Litigation and also other dispute resolution mechanism are in general costly to settle especially if parties are unable to control the process for resolving their disputes. The costs aspects are highlighted by the now well-known study – Lord Justice Jackson’s Civil Litigation Costs Review.
However parties do have control well before being entrenched in courts or in tribunals, and mediation or conciliation is perceived as an alternative to the contentious litigation and arbitration. However, mediation too can be costly if the ‘Go-Between’ is inexperience or unable to cope with the dynamics of the interaction between the parties and the mediation process can go out of hand, causing delays which invariably incur unnecessary costs.

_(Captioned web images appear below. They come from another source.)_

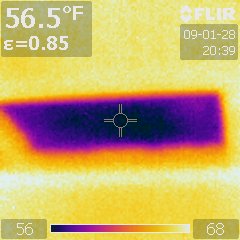 Infrared Attic Hatch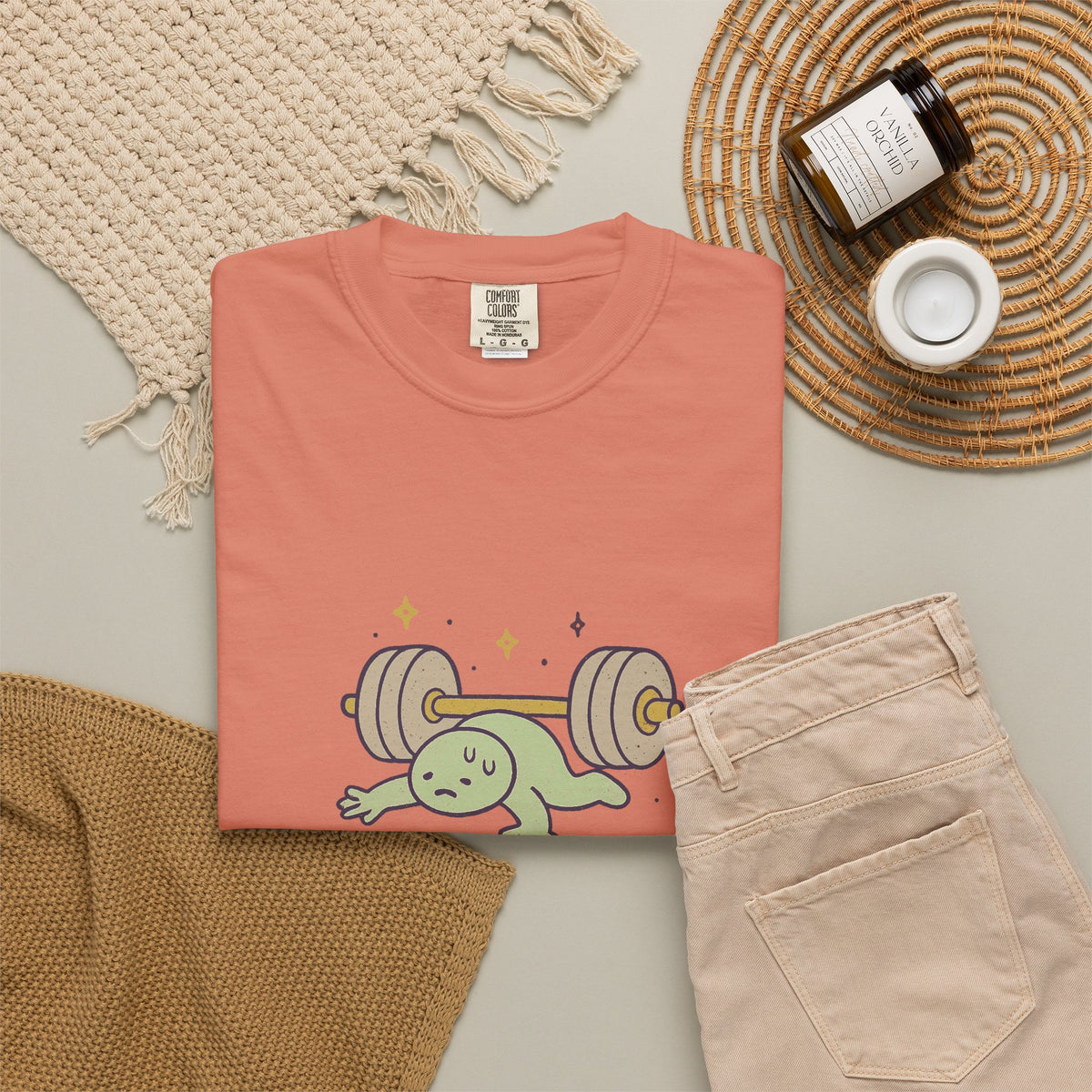 Deload Week, Allegedly — Terracotta Comfort Tee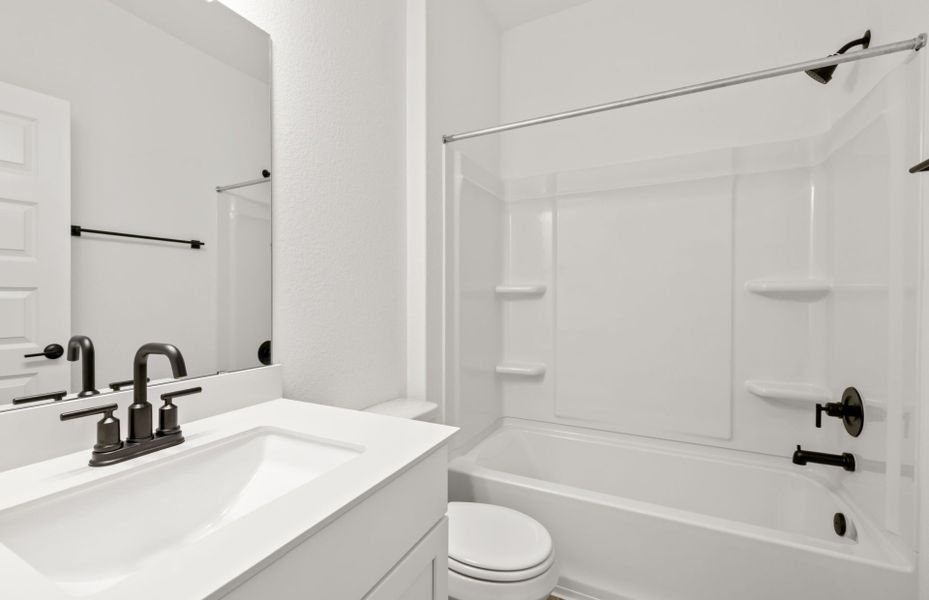 Representative furnished interior of a home built from the Burnet by Pulte Homes in Crosswinds, Kyle (Image 8).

Ideally, I said ‘ideally’ as it is not an obvious choice for parties, who are faced with impending crisis , to seek help to avoid the problems from turning into a crisis i.e. dispute avoidance. All disputes are ‘crisis’ of some sorts. Crisis may not be avoided e.g. contracts are breached due to no fault of the parties but due to events which the parties have little control over. However disputes can be avoided if parties are prepared to seek innovative solutions that lie before and beyond litigation or alternative dispute resolution (ADR) (e.g. arbitration or mediation/conciliation). There are other variances of ADR which I have not addressed here and which I will not go into as there are many resources available elsewhere on ADR. Also, these ADR approaches or mechanisms deal with disputes resolution not dispute avoidance.